Comment by bfrog
Signed xml alone is a wildly confusing idea, as the signatures get embedded as elements in the document being signed. There’s a wild set of rules on how to make xml canonical, sign, add the signature, etc. It’s nontrivial.
Signed xml alone is a wildly confusing idea, as the signatures get embedded as elements in the document being signed. There’s a wild set of rules on how to make xml canonical, sign, add the signature, etc. It’s nontrivial.
To clarify, in signing you have to convert xml to bytes you can get back in the other side, while modifying the same bytes injecting signatures. The whole custom canonical xml serializer is actually complex with escape rules and a bunch of other insanity. On the other side you have to do the opposite by dropping the signature element and serializing the same way.
Worse this is done at an element level not a document level as noted in the linked article.

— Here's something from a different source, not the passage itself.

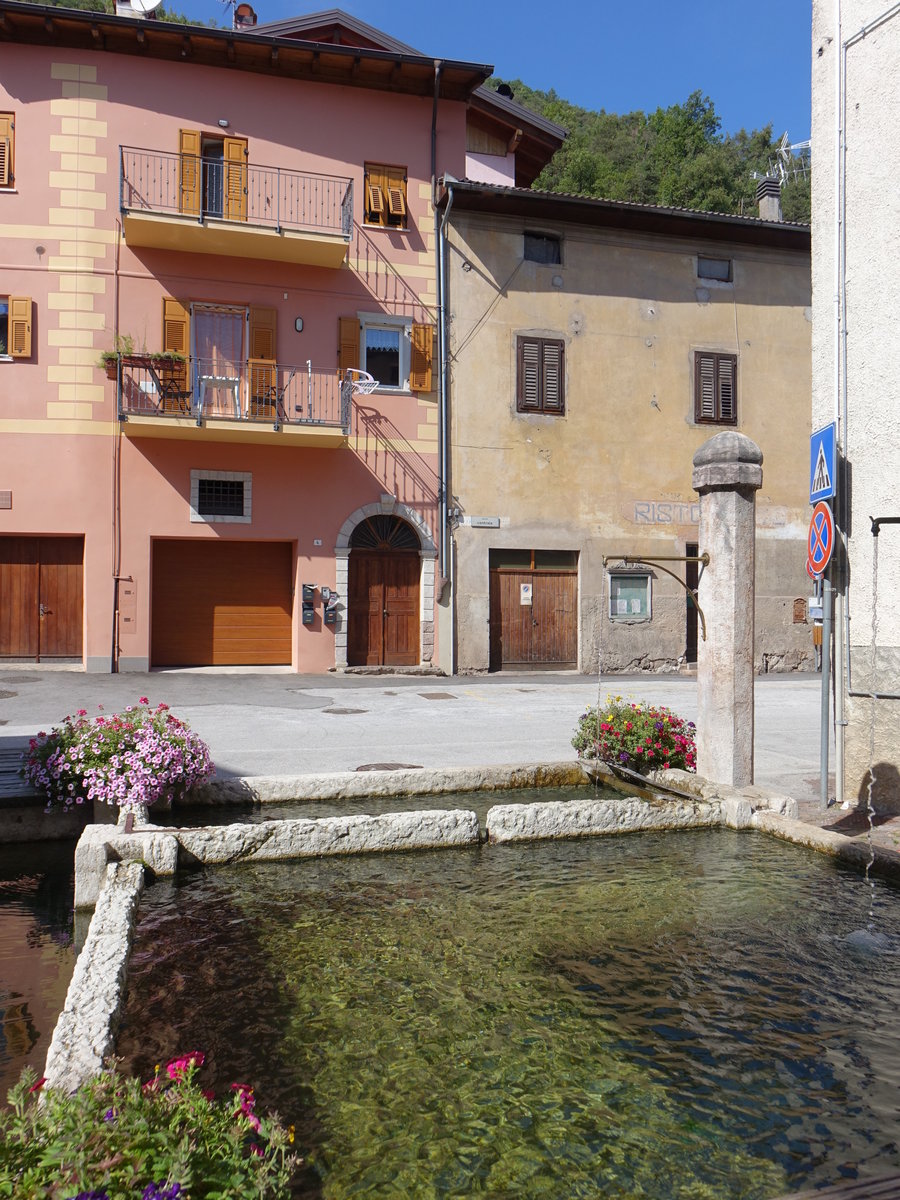 Faver im Valle di Cembra, alte Brunnenanlage an der Via Perlaia (16.09.2019)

Really, it’s not that simple. It typically requires a while xml library for dealing with it that is error prone. Check the number of errors and cves for libxmlsec for example. Or even the versions in C# or Java.
To expand, generally you wouldn't want to change the identity of the document by signing it (eg change it's hash). That's bananas. If the signature was external to the document, you wouldn't need any complex and error prone rules to canonicalize. You'd just generate an HMAC tag and send it alongside (or, better yet, use an authenticated encryption like AES-GCM).
What's confusing about it? Everything seems pretty obvious to me.